After that it’s a state-by-state tour of our brewers, big and small, starting with Willie’s top-five ranking. In the NSW and ACT section, for example, his selections are James Squire Pilsner, Wicked Elf Pale Ale, Wig & Pen IPA, Redoak Framboise Froment and Murray’s Dark Knight – an eclectic mix that includes beers from Australia’s second largest brewer (Lion Nathan’s James Squire) and Canberra’s tiny Wig & Pen.

The maps help us put the breweries in a place. And the pictures have been thoughtfully shot, capturing the personalities behind the beers as well as their breweries and products.

And the press release came with a wonderful Henry Lawson quote, “Beer makes you feel the way you ought to feel without beer”.

Copyright © Chris Shanahan 2009

Wine review — Wynns Coonawarra Estate

Wynns Coonawarra Estate Shiraz 2008 $10–$20
It’s just released, the bottle price hit $15.99 by the dozen immediately – and since publishing this review in The Canberra Times has hit $9.90 — a screaming bargain. Stock up as this is an exciting red with a fifty-year pedigree. It’s a beautifully aromatic, vibrant, cool climate shiraz featuring ripe but spicy and juicy fruit flavours and ever-so-fine, soft tannins. It’s sourced from central and northern Coonawarra and matured for just six months in older French and American oak barrels. I suspect, however, that another few months in oak and an extra year in bottle might have taken this to an even higher level. Best drinking from 2010 and for many years thereafter.

Wynns Coonawarra Estate  ‘Black Label’ Cabernet Sauvignon 2007 $26–$32
A severe frost in October 2006 nipped much of the 2007 vintage in the bud, reducing production of Black Label by 80 per cent. What’s left, though, is a world-class cabernet, at the elegant end of the Coonawarra spectrum. The colour’s vibrant and limpid. And though the aroma’s ripe and purely varietal, the palate is medium bodied, with the unique, and delicious, underlying power and structure of Coonawarra cabernet.  It’s already drinkable and showing some savoury notes. But there’s the depth and harmony here for a good ten years, probably more, in a good cellar.

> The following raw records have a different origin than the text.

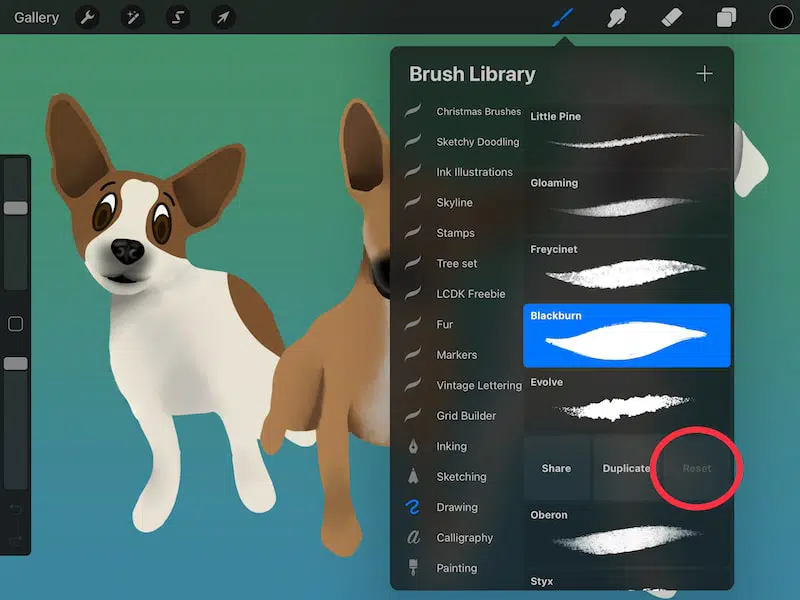procreate can't reset brushes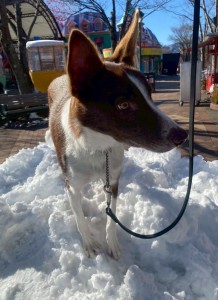 1765016803239_20251224101636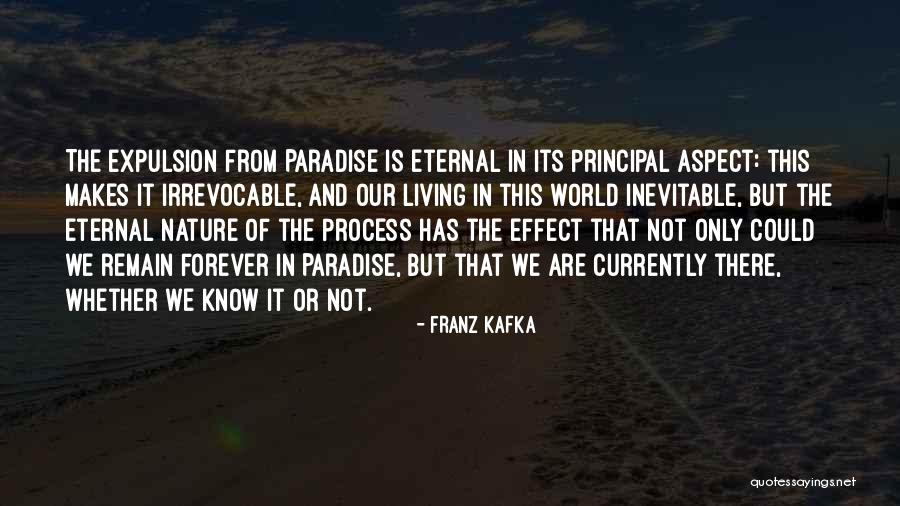 Kafka The Process Quotes By Franz Kafka Kafka The Process Quotes By Franz Kafka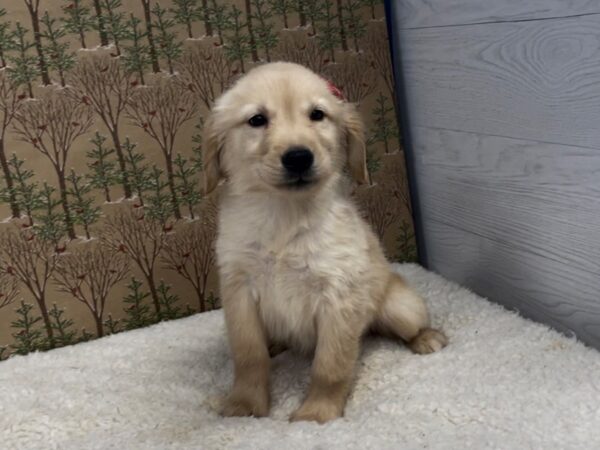 Golden Retriever DOG Female Golden 20361 Petland Batavia, Illinois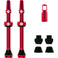 V2 Tubeless Ventil Kit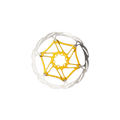 Formula 6-Bolt Rotor - Gold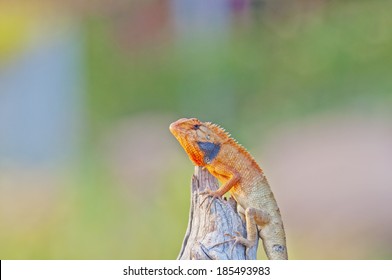 Lizard
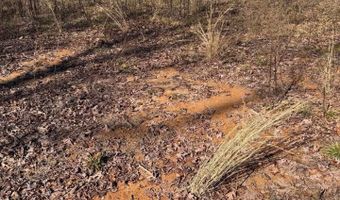 Lot 1 Mount Olive, Bauxite, AR 72011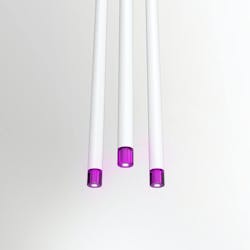 6683025387a43c67bc74c995 1910sslpia37 6683025387a43c67bc74c995 1910sslpia37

Wynns Coonawarra Estate Alex 88 Cabernet Sauvignon 2006 $31–$39
Wynns Coonawarra Estate John Riddoch Coonawarra Cabernet Sauvignon 2006 $61–$76

Alex 88 comes from a single vineyard, one kilometre north of Wynns winery. It’s been the source of some of Wynns best cabernet for some years. It contrasts with the more elegant Black Label (even given the general greater richness of the 2006s). It’s matured in all new French oak – a perfect combination – plush, complex wine and appealing now, but with potential to age for decades. John Riddoch 2006 is as good as we’ve seen since the first vintage in 1982. It’s excitingly floral and seductive, silky textured, powerfully concentrated and with authoritative tannins – made unequivocally for long cellaring.

Copyright © Chris Shanahan 2009

Oak jokes are old hat

In the early days of chardonnay in Australia we probably all gagged on an over oaked vintage and heard the usual jokes… splinters in the tongue, build a weekender out of it… the list went on. Perhaps the most colourful metaphor, though, was penned about ten years ago by UK writer Jilly Goolden.

In The Independent there was a regular section called “You ask the Questions”, and one reader asked:
‘Is it true that on a food and drink Christmas special you described a particular wine as having the properties of a “wooden bra”?  If this is true, what exactly would a wooden bra taste of, and when should one wear one?!’

Jilly’s response: ‘A wooden bra!  Yes, I confess, I referred to such a thing in a manner of speaking. What I in fact said is that the oak in a heavily oaked Chardonnay supports the fruit, like a bra, rounding it up and filling it out. I wasn’t saying it smelt or tasted of a wooden bra.  I’m not quite that dippy’.”

By that time wooden bra syndrome barely rated a mention in Australia as our winemakers had moved on ¬– although there were lingering occurrences of another chardonnay support: the silicone implant.

Before I explain that, let’s look at why so many of our early chardonnays tasted so heavily of oak. There are several reasons why this was so.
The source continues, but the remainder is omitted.